INDIANAPOLIS — There's a push to improve the quality of housing for renters across Central Indiana.
The Hoosier Housing Needs Coalition says 84% of families that are at risk of eviction haven't applied to rental assistance because they say that rental assistance program are dried up. They say that over 150,000 people have called 211 asking for help with housing. 17,000 of them haven't gotten the help they need.
The organization held a press conference on Thursday to lay out the facts surrounding the housing issues in Indiana. They're calling on the legislature to create a housing stability pilot fund to be added to the budget.
They originally planned on doing it during the Senate Judiciary Committee Wednesday by testifying in support of Senate Bill 202. But that bill wasn't giving a hearing after it was assigned to a summer study committee.
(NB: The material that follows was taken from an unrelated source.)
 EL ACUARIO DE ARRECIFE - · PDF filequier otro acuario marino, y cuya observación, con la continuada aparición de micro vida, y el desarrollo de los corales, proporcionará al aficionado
That bill would have expanded renter’s rights and held landlords accountable. It would have done so by allowing the court to step in when landlords haven’t fixed issues with a renter’s dwelling for over 30 days.
Courts would have been able to establish escrow accounts that the renter would have paid their rent in to. The court would then decide how that money would be used by the landlord.
Renters from across the staterallied in support of the bill Monday.
The Coalition say this crisis is something lawmakers need to address now, not next legislative session.
"We have a crisis of housing in Indianapolis and in the state and it seems that our legislators are not interested in addressing the problem," Rabi Aaron Spiegel with the greater Indianapolis Multi Faith Alliance said.
"Unfortunately, the housing industry is very powerful in our state,” Amy Nelson, the Executive Director of the Fair Housing Center of Central Indiana, said. “It’s one of the reasons why we have seen so many out of state landlords come in to our state. They feel that the laws here are very friendly to them and they can take people's rent and not even have to do basic repairs that needs to stop.”
Democratic Senator Fady Qaddoura, who introduced the bill, says he's more determined than ever to be a voice for renters. He says Indiana is one of five states without protections for property tax payers who are renters.
You can read his full statement below.
"Despite the setback caused by the General Assembly's decision to not advance protections for property taxpayers who are renters, I'm more determined than ever to work tirelessly for the voiceless in our communities so that they are not treated as second class citizens. Indiana is one of five states nationwide without protections for property tax payers who are renters. By not acting on SB 202, the General Assembly's inaction provides cover to negligent corporate landlords. All Hoosiers deserve safe and secure housing."